> _Data records_
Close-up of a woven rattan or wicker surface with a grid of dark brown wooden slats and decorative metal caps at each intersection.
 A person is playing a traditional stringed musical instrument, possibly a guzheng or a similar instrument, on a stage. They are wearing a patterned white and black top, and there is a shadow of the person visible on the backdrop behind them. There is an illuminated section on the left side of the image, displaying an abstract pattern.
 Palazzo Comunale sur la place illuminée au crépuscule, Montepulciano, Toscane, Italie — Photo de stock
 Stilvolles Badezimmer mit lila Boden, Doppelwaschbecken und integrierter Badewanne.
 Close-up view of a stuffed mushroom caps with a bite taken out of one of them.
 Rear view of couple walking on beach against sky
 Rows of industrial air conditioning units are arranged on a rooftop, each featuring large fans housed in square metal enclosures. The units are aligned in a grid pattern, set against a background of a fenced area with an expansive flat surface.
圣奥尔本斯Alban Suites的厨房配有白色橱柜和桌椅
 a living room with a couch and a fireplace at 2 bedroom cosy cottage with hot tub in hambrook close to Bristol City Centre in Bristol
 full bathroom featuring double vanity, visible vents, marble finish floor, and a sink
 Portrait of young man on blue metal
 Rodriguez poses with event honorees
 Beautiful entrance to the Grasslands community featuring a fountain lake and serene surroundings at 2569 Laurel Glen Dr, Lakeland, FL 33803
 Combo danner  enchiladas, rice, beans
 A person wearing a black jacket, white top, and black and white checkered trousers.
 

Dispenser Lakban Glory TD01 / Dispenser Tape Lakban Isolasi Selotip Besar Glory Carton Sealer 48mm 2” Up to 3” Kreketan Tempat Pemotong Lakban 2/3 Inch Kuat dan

> _What you need to do_
Report every line of the preceding listing where the string "black" occurs.

> _Problem solution_
 A person is playing a traditional stringed musical instrument, possibly a guzheng or a similar instrument, on a stage. They are wearing a patterned white and black top, and there is a shadow of the person visible on the backdrop behind them. There is an illuminated section on the left side of the image, displaying an abstract pattern.
 A person wearing a black jacket, white top, and black and white checkered trousers.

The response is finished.